Sometimes the difference between life and loss is one trained worker who arrives on time.
Amina is 24 years old and lives in a small village in Adamawa State where the nearest health facility is 38 kilometres away on an unpaved road. Like most women in her community, she had given birth to her first child at home, attended by a traditional birth attendant with no formal training. That birth was difficult. Her second pregnancy brought new fears.

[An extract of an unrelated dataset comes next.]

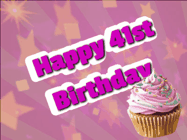 Happy Birthday Age 41 GIF, 41st Birthday GIF
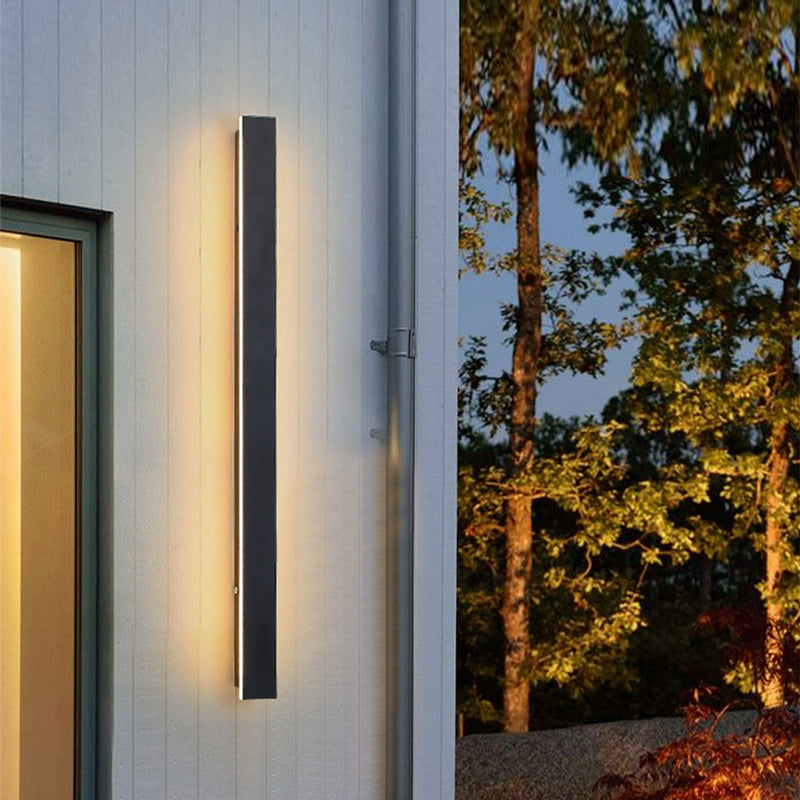 Zenith - Strakke LED Wandlampen Zwart Metaal voor Binnen en Buiten, Modern Design voor Tuin en Hal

Through CBI's community health worker network, Amina was registered for antenatal care in her second trimester. A trained CBI midwife visited her village monthly, conducting blood pressure checks, iron supplementation, malaria prophylaxis, and birth preparedness counselling. When Amina showed signs of pre-eclampsia at 34 weeks, her CHW — who had been trained to recognise danger signs — arranged an emergency referral to the state hospital within hours.
Amina delivered a healthy baby girl by caesarean section. She named her Zara. When our monitoring team visited three months later, both mother and baby were thriving. "The health worker came to my village," Amina said. "Without her, I don't know if my baby would be here today."
In 2024, CBI's Maternal and Newborn Health programme conducted over 10,000 antenatal care consultations, supported 1,800 supervised deliveries, and provided postnatal care follow-ups to more than 3,400 mother-infant pairs. Behind each of these numbers is a story like Amina's — a life balanced on the edge of access, and a system that reached just in time.
We share Amina's story with her full permission. Protecting the dignity of the people we serve is central to how we work — and how we tell the world about what is happening in these communities.